The open-source software has unmatched analytical chops, but it is hardly a free ride.

Linux desktop software certainly has its hard-core fans, but the open-source program has always faced an uphill battle against a proprietary Microsoft Windows product that could pretty much do all the same things (and mostly better), though it cost a few bucks instead of being free. The same scenario goes for many other open-source tools.

But that’s not the story for Apache Hadoop, an open-source program that is gaining converts at government agencies who are trying to draw new insights from all the “big data” they are generating.

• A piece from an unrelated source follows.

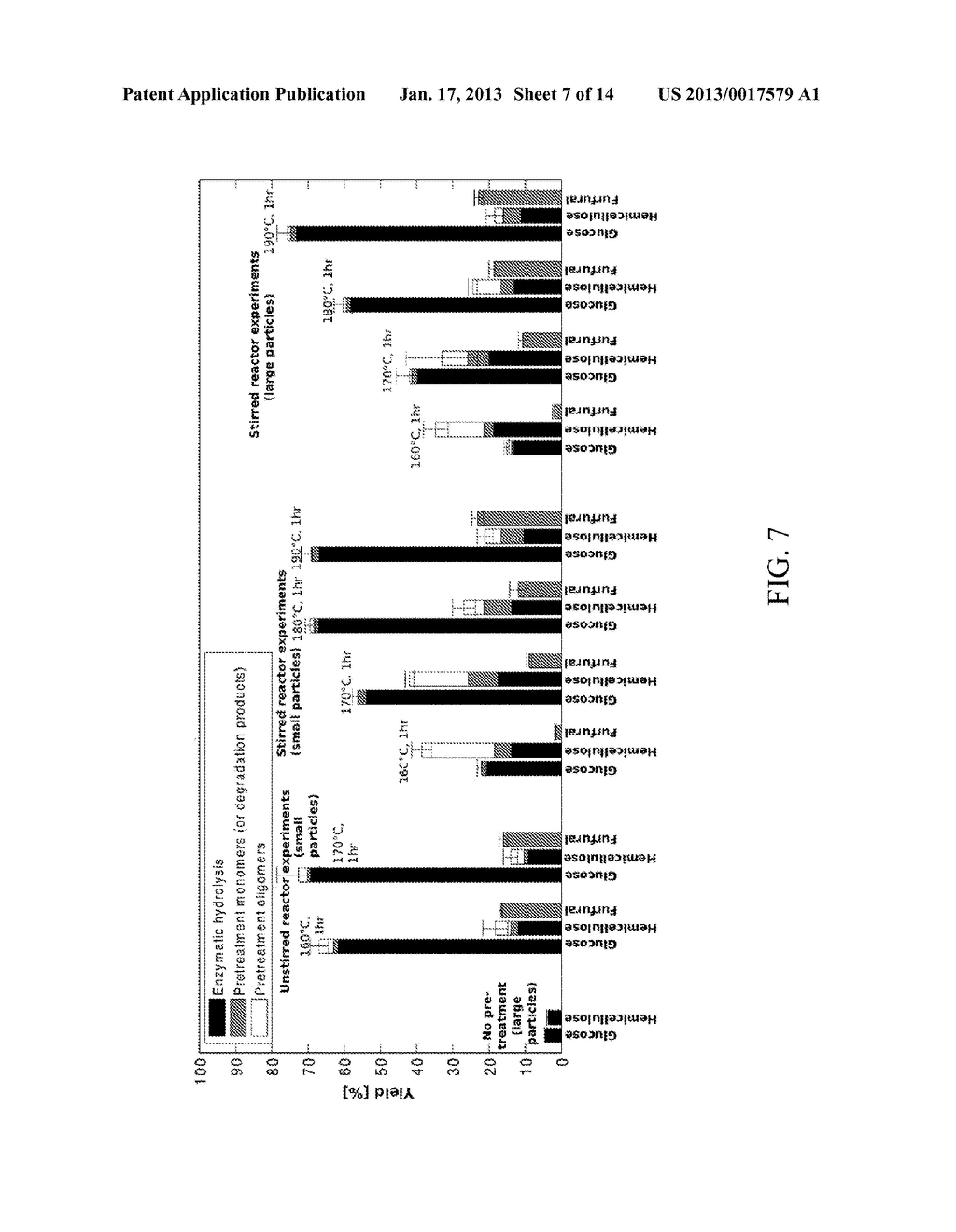 BIPHASIC SUPERCRITICAL CARBON DIOXIDE-WATER PRETREATMENT OF     LIGNOCELLULOSIC BIOMASS - diagram, schematic, and image 08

“Hadoop is totally unique in many ways,” said Bob Gourley, editor of CTOvision.com and former chief technology officer at the Defense Intelligence Agency.

Hadoop, and a handful of open-source tools that complement it, has no equal when it comes to making gigantic and diverse datasets easily available for quick analysis using clusters of inexpensive computers, Gourley said. The oddly named software is already considered mission-critical at Web giants such as Facebook, Twitter, Yahoo and many others for marketing chores, personalizing Web pages and detecting junk mail.

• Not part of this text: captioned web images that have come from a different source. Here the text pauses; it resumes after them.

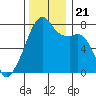 Obstruction Pass tide chart for Thursday, November 21, 2024
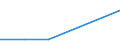 KN 85229091 /Exporte /Einheit = Preise (Euro/Tonne) /Partnerland: Ghana /Meldeland: Eur27 /85229091:Baugruppen, Elektronisch, Fuer Tonwiedergabegeraete und Tonaufnahmegeraete, Sowie Fuer Videogeraete zur Bild- und Tonaufzeichnung Oder -wiedergabe, A.n.g.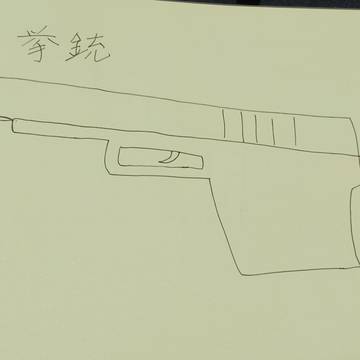 銃系+サバイバルナイフ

Nevertheless, agency IT officials still need to weigh their options carefully because Hadoop, like most open-source tools, can require a significantly bigger commitment of skills and involvement from its users than most commercial products demand.

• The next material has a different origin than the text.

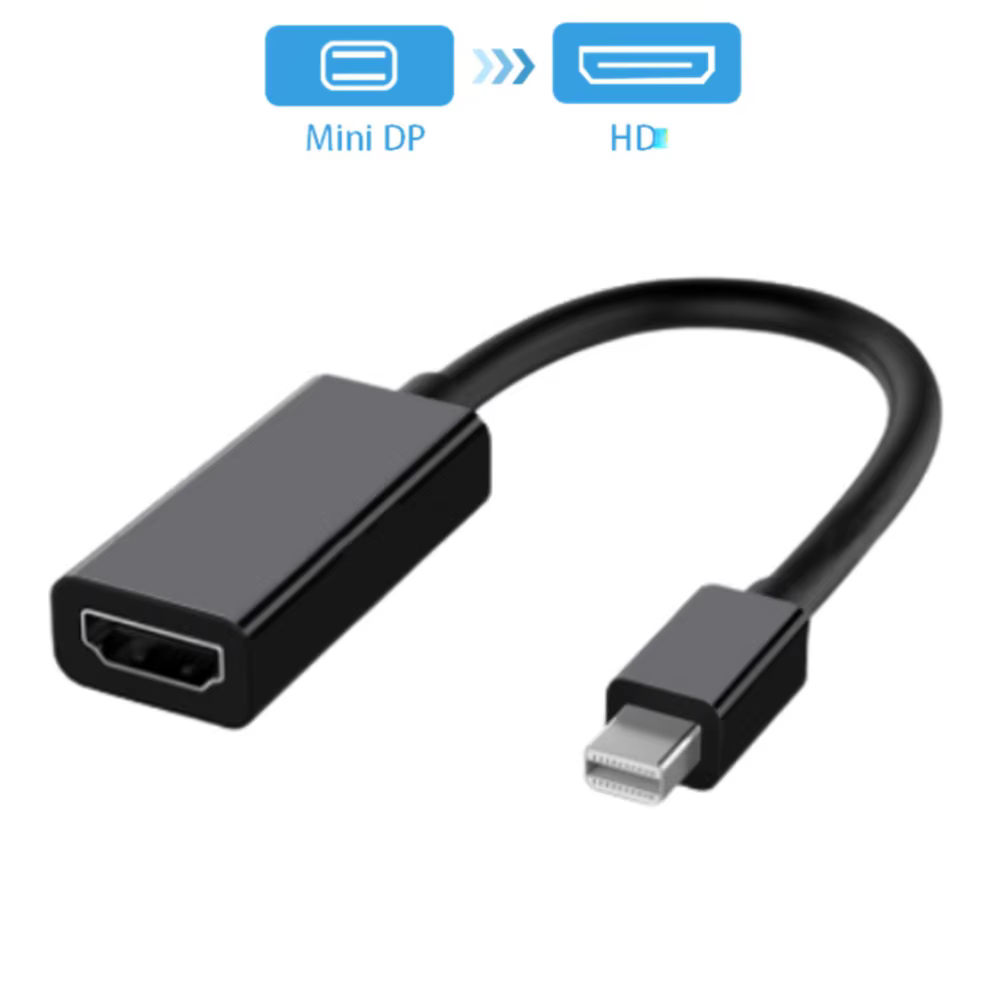 Vista frontal del adaptador con puertos HDMI, VGA y DVI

Hadoop’s roots go back to 2004, when Google published a paper on a parallel processing technique it had developed to juice its Web operations, called MapReduce. Those ideas inspired Doug Cutting to create the Java-based Hadoop, which he named after his son’s toy elephant.

The National Security Agency started using Hadoop two years ago for a massive, nationwide system for sharing and analyzing data. The system also houses unstructured text, large files and other forms of intelligence with unprecedented scalability, reported J. Nicholas Hoover for InformationWeek.

"The object is to do things that were essentially impossible before," said Randy Garrett, director of technology at NSA's integrated intelligence program, at a symposium at the time.

Others agencies are getting on board, too. Earlier this month, more than 40 systems were nominated for the Government Big Data Solutions Award at the annual Hadoop World conference, including a State Department system that looks for fraudulent visa and passport applications, said Gourley, one of the award judges.

The top winner was the General Services Administration's USASearch, a hosted search service used by more than 550 government websites. Using Hadoop with the Hive open-source data warehousing software fundamentally changed how the system designers thought about data, said Ammie Farraj-Feijoo, GSA's program manager for USASearch.

"Freed from the constant anxiety of wondering how we were going to handle an ever-increasing amount of data, we shifted from trying to store only what we really needed to storing whatever we thought might be useful," wrote Loren Siebert, an independent software developer and technical lead for the USASearch program, in a blog entry describing the project.

But buyer beware: Hadoop can be a serious do-it-yourself project. If you don't want to smooth Hadoop's sharp corners yourself, you'd need to use a product like Cloudera’s distribution of Apache Hadoop, which provides enterprise support the way Red Hat does with Linux.

Also, a lot of the data analysis capabilities and enabling algorithms that for most organizations are the only reason to wrestle with big data — and are the special sauce that proprietary business analytics vendors make their living on — are not part of Hadoop.

Users must cobble together and program those applications themselves, hire help or buy them from one of a growing number of companies. For example, Digital Reasoning offers software that works with Hadoop to analyze massive amounts of unstructured text in English and now Chinese by looking for patterns that signal fraud and potential threats. Guess who might be interested in those capabilities?

More established business analytics vendors are also joining the party because of Hadoop’s unique capabilities. IBM’s Watson, the Jeopardy-winning supercomputer, owes part of its mental agility to Hadoop, while SAS is developing ways to allow its proprietary tools to work with data stored by Hadoop.